Miron Cuperman recently alerted me to a new website, BrainPreservation.org. Here’s the homepage text:

I do want to change the world – I want to put an end to death. I want to make it every person’s right to experience the future centuries from now, and to live without the constant fear that aging and crippling disease will take away their joy for life, make them a burden to their loved ones, and strip them of their dignity. We have it within our power today to create that world. Let me say that again, we have it within our power today to create that world. From a medical and technical standpoint all that is needed is the development of a surgical procedure for perfusing a patient’s circulatory system with a series of fixatives and plastic resins capable of perfectly preserving their brain’s neural circuitry in a plasticized block for long-term storage. Such a procedure would, in effect, put the patient into a long dreamless sleep where they can wait out the decades or centuries necessary for the development of the more advanced technology required to revive them.

How could a patient ever be awoken from such an unconventional sleep? The necessary technology exists in primitive form today – the plasticized brain block will be automatically sliced into thin sections and these scanned in an electron microscope at nanometer resolution. Such scanning can map out the exact synaptic connectivity among neurons while simultaneously providing information on a host of molecular-level constituents. This map of brain connectivity will then be uploaded into a computer emulation controlling a robotic body – the patient awakes to a new dawn of unlimited potential.
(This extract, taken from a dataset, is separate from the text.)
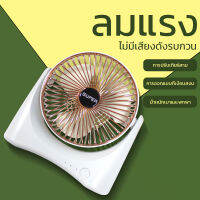 Mini fan พัดลมพกพาชาตไฟ Desktop Fan ลมแรง Big Wind Speed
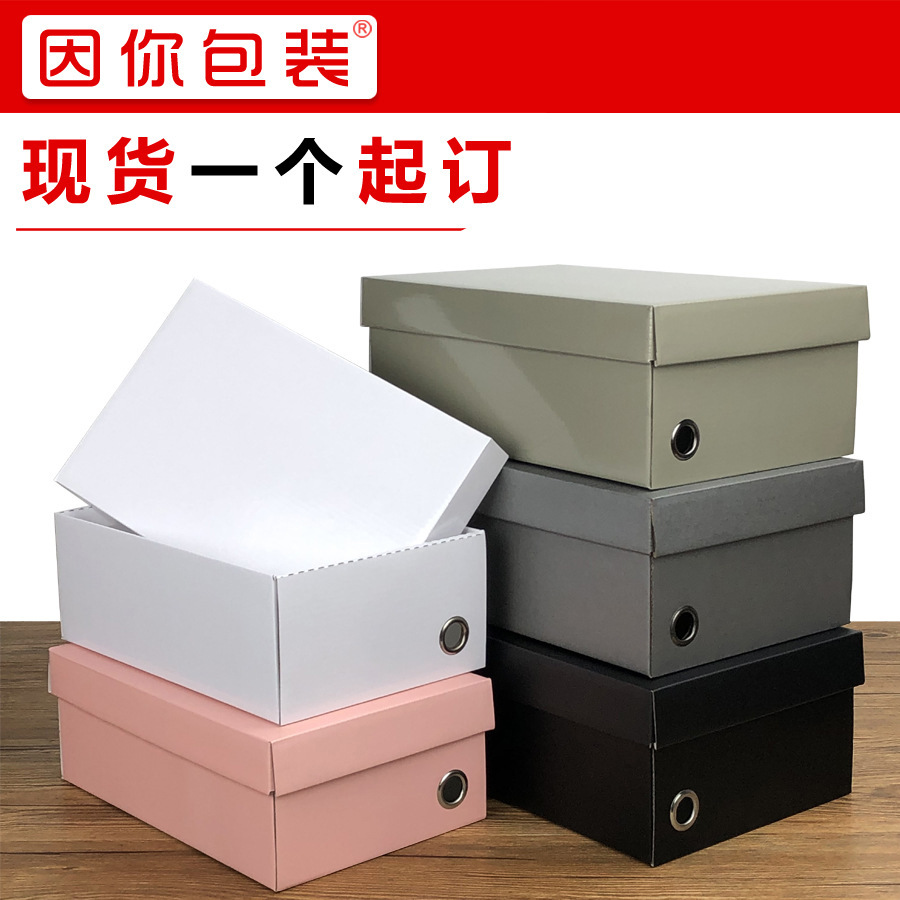 美盈森获得实用新型专利授权：“平板电脑全纸卡运输包装盒”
Given our current state of knowledge it is quite likely that the perfection of a surgical brain-preservation procedure could be accomplished in less than five years with minimal amounts of research funds. However, aside from a few underfunded research groups, no serious brain preservation research is currently being performed. More tragically, even if such a surgical procedure were available today the legal system would prevent its proper use as a life saving measure by preventing it from being administered before the declaration of legal death. The reasons are social and political, and from those standpoints such a world is much harder to reach. It requires large numbers of people to viscerally accept a new metaphor — a metaphor that the last 150 years of biological science has demonstrated to be accurate — the metaphor that we are machines.

Amen! The above is not so much a proposal for new technology, as it is a proposal for new attitudes. If I want to preserve my brain now, and “commit suicide” according to the Judeo-Christian-influenced standard meme complex, then I should be allowed to do so. As a transhumanist, I am comfortable with making that statement in public, and wouldn’t feel awkward saying so in front of any number of friends or family, if necessary. Transhumanist goals, like the noble one outlined above, are already being held back by coward transhumanists. Transhumanists, say what you believe in public, now, or you aren’t having an impact.

It doesn’t matter if it’s just a Blogspot blog with a single post. Say it.

Another interesting aspect of the site is a proposal for a brain preservation technology prize.

How about a new era, where we can potentially live forever because our neural content is perfectly preserved and ready for reanimation? I don’t know about you, but I enjoy being on the right side of history a decade or three in advance. Might as well get on the right side now, rather than jump on the bandwagon when it’s being mobbed.

A preserved mind is a beautiful thing. A skull-bowl full of bacterial pudding-mush is not. There is no afterlife — Heaven is a lie made up by our ancestors to cope with the pain of death.